__Exercise requirements__:
Nothing but the records, repeated word for word and free of pictures, belongs in the answer.

__Entries supplied__:
+ + +

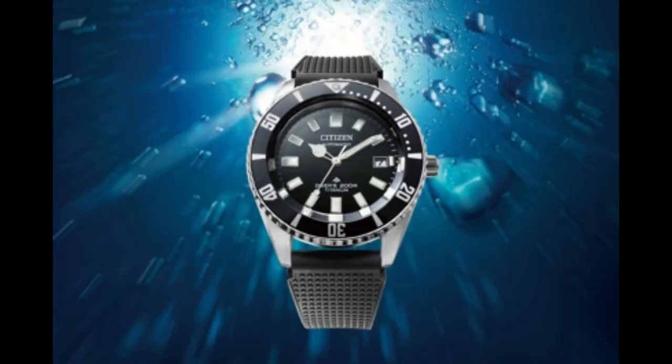Citizen is a Japanese watch brand that's been around for more than 100 years. They're legendary in the watchmaking world.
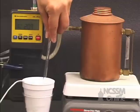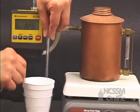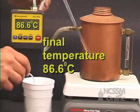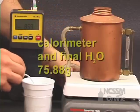The water will condense to a liquid and transfer the energy to the water in the calorimeter. We'll record the final temperature, then let the calorimeter cool to room temperature and remass it to determine the final mass of the water in the calorimeter.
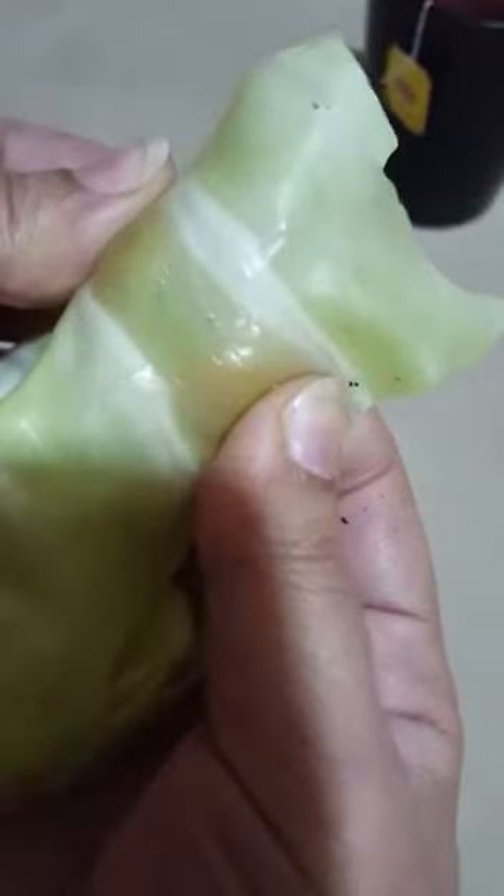It is stretched like plastic. This is fake or artificially manufactured cabbage — see, it's stretched, it's wet, and it has turned into plastic. So be careful what you eat and what you buy.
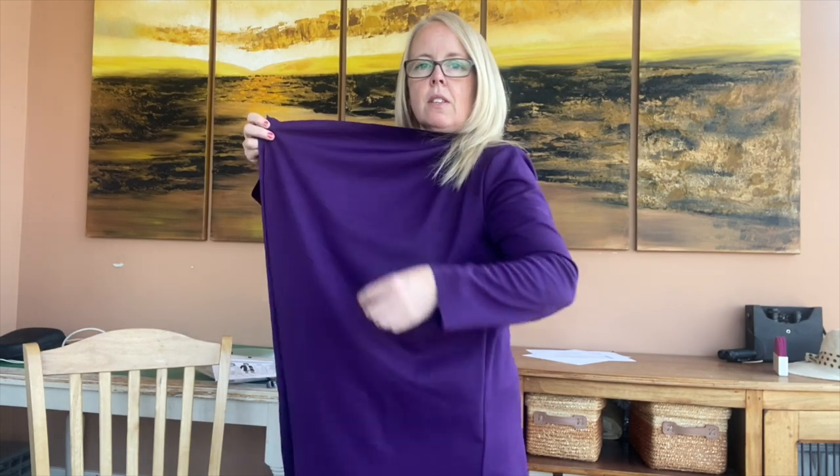I'll just show you what it's like. So it's a waterfall front — very simple and it just falls. There's an option to have pockets in it, but I haven't added the pockets because I find them quite bulky, but I have mentioned that in the video.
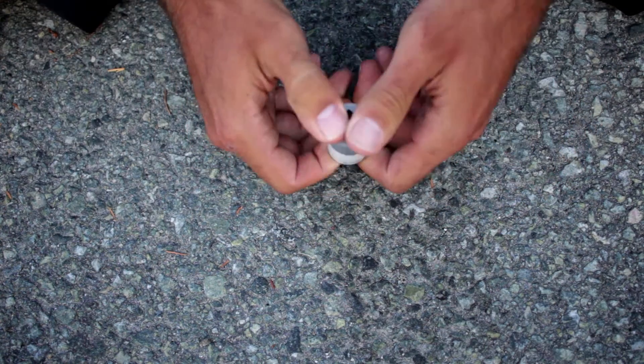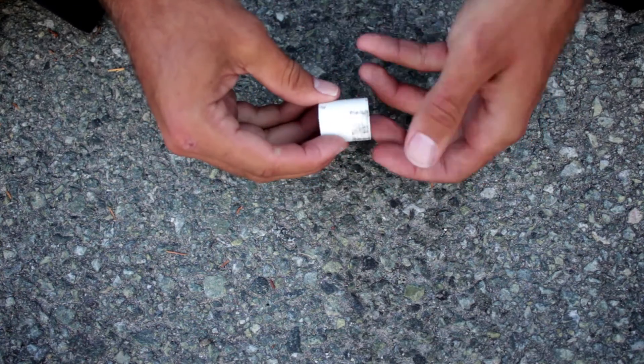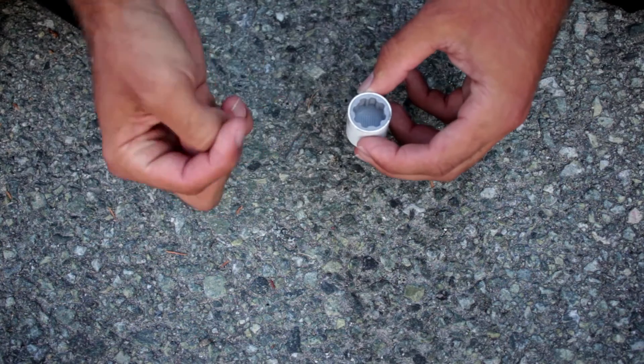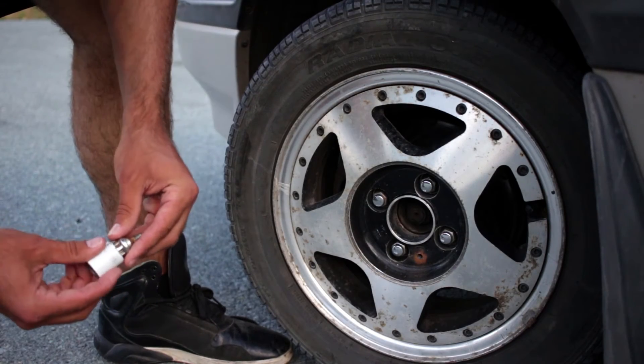We put it in this sleeve made from a piece of an old curtain rod. The metal stops the plastic from deflecting under load and exploding, so we can get more torque on it before it breaks. Let's put it to the test.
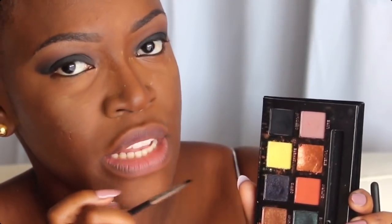Maintenant je vais maquiller mon ras de cil inférieur avec le même procédé — un fard plus foncé puis un dégradé avec des fards plus clairs. Je vais commencer par du noir, ensuite du marron, et de l'orangé, avec la même palette Anastasia Beverly Hills, en utilisant un pinceau biseauté hyper fin.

+ + +

__Exercise answer__:
Citizen is a Japanese watch brand that's been around for more than 100 years. They're legendary in the watchmaking world.
The water will condense to a liquid and transfer the energy to the water in the calorimeter. We'll record the final temperature, then let the calorimeter cool to room temperature and remass it to determine the final mass of the water in the calorimeter.
It is stretched like plastic. This is fake or artificially manufactured cabbage — see, it's stretched, it's wet, and it has turned into plastic. So be careful what you eat and what you buy.
I'll just show you what it's like. So it's a waterfall front — very simple and it just falls. There's an option to have pockets in it, but I haven't added the pockets because I find them quite bulky, but I have mentioned that in the video.
We put it in this sleeve made from a piece of an old curtain rod. The metal stops the plastic from deflecting under load and exploding, so we can get more torque on it before it breaks. Let's put it to the test.
Maintenant je vais maquiller mon ras de cil inférieur avec le même procédé — un fard plus foncé puis un dégradé avec des fards plus clairs. Je vais commencer par du noir, ensuite du marron, et de l'orangé, avec la même palette Anastasia Beverly Hills, en utilisant un pinceau biseauté hyper fin.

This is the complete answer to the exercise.